Linvoseltamab, sold under the brand name Lynozyfic, is an anti-cancer medication used for the treatment of people with relapsed or refractory multiple myeloma. Linvoseltamab is a bispecific monoclonal antibody that targets CD3 and B-cell maturation antigen (BCMA) (TNFRSF17). It is a bispecific B-cell maturation antigen (BCMA)-directed CD3 T-cell engager and a recombinant human immunoglobulin (Ig)G4 antibody.

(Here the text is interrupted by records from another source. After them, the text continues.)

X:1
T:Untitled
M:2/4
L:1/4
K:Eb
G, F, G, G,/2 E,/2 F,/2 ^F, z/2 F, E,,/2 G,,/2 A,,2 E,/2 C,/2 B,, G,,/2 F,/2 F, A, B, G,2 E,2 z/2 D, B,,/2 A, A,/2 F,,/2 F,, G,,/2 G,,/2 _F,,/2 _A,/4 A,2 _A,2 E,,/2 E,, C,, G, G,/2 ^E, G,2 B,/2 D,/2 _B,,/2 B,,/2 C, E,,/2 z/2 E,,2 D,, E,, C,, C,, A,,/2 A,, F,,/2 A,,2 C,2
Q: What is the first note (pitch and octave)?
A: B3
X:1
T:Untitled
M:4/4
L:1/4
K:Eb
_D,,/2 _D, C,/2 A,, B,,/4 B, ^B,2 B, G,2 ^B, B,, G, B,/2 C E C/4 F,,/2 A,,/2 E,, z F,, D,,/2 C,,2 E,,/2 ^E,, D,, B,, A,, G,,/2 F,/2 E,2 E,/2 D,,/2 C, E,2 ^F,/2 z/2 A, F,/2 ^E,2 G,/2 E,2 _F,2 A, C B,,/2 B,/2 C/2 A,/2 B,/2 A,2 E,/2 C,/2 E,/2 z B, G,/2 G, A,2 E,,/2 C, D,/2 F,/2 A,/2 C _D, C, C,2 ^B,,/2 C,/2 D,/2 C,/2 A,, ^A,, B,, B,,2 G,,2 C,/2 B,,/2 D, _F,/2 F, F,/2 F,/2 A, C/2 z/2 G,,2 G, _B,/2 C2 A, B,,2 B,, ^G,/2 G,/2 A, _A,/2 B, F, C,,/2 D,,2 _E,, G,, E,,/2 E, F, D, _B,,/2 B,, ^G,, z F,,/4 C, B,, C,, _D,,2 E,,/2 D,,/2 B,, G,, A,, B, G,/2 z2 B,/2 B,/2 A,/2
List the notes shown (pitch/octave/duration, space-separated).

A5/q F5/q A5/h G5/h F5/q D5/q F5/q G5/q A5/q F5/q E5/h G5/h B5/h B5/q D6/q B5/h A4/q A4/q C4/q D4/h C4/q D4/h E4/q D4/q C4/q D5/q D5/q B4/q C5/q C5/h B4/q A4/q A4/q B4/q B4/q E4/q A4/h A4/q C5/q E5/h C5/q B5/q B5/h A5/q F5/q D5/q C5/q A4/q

Lynozyfic was authorized for medical use in the European Union in April 2025, and approved for medical use in the United States in July 2025.

== Medical uses ==
In the EU, linvoseltamab is indicated as monotherapy for the treatment of adults with relapsed or refractory multiple myeloma who have received at least three prior therapies, including a proteasome inhibitor, an immunomodulatory agent, and an anti-CD38 monoclonal antibody, and have demonstrated disease progression on the last therapy.

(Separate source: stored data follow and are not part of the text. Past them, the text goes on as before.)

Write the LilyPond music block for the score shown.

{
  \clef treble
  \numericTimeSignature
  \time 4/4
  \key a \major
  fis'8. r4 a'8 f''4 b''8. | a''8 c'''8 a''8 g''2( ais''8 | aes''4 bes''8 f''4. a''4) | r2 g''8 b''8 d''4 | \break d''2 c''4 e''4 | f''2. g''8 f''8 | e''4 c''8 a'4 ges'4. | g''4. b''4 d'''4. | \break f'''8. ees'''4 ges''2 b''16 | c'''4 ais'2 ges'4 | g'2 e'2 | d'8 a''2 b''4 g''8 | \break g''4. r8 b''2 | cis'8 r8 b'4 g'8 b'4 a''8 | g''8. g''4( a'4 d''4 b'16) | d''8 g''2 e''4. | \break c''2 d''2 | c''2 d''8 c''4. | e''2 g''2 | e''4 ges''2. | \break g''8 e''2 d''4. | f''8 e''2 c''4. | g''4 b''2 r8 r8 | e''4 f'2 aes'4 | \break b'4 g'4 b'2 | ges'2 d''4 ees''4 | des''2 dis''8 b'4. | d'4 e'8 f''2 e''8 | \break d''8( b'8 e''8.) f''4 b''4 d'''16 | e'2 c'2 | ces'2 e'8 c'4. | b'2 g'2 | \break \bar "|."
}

In the US, linvoseltamab is indicated for the treatment of adults with relapsed or refractory multiple myeloma who have received at least four prior lines of therapy, including a proteasome inhibitor, an immunomodulatory agent, and an anti-CD38 monoclonal antibody.

== Adverse effects ==
The US prescribing information for linvoseltamab includes a boxed warning for life-threatening cytokine release syndrome and neurologic toxicity, including immune effector cell-associated neurotoxicity.

== History ==
Efficacy was evaluated in LINKER-MM1 (NCT03761108), an open-label, multi-center multi-cohort trial. The trial included participants who had previously received at least three prior therapies, including a proteasome inhibitor, an immunomodulatory agent, and an anti-CD38 antibody. The trial excluded participants with prior BCMA-directed bispecific antibody therapy, prior bispecific T-cell engaging therapy, or prior BCMA CAR-T cell therapy. The efficacy population included 80 participants who had received at least 4 prior lines of therapy, including a proteasome inhibitor, an immunomodulatory agent, and an anti-CD38 monoclonal antibody.

== Society and culture ==
=== Legal status ===
In February 2025, the Committee for Medicinal Products for Human Use of the European Medicines Agency adopted a positive opinion, recommending the granting of a conditional marketing authorization for the medicinal product Lynozyfic, intended for the treatment of people with relapsed and refractory multiple myeloma who have received at least three prior therapies. The applicant for this medicinal product is Regeneron Ireland DAC. Lynozyfic was authorized for medical use in the European Union in April 2025.

In July 2025, linvoseltamab was approved for medical use in the United States. The US Food and Drug Administration (FDA) granted the application for linvoseltamab priority review, orphan drug, and fast track designations.

=== Names ===
Linvoseltamab is the international nonproprietary name.

Linvoseltamab is sold under the brand name Lynozyfic.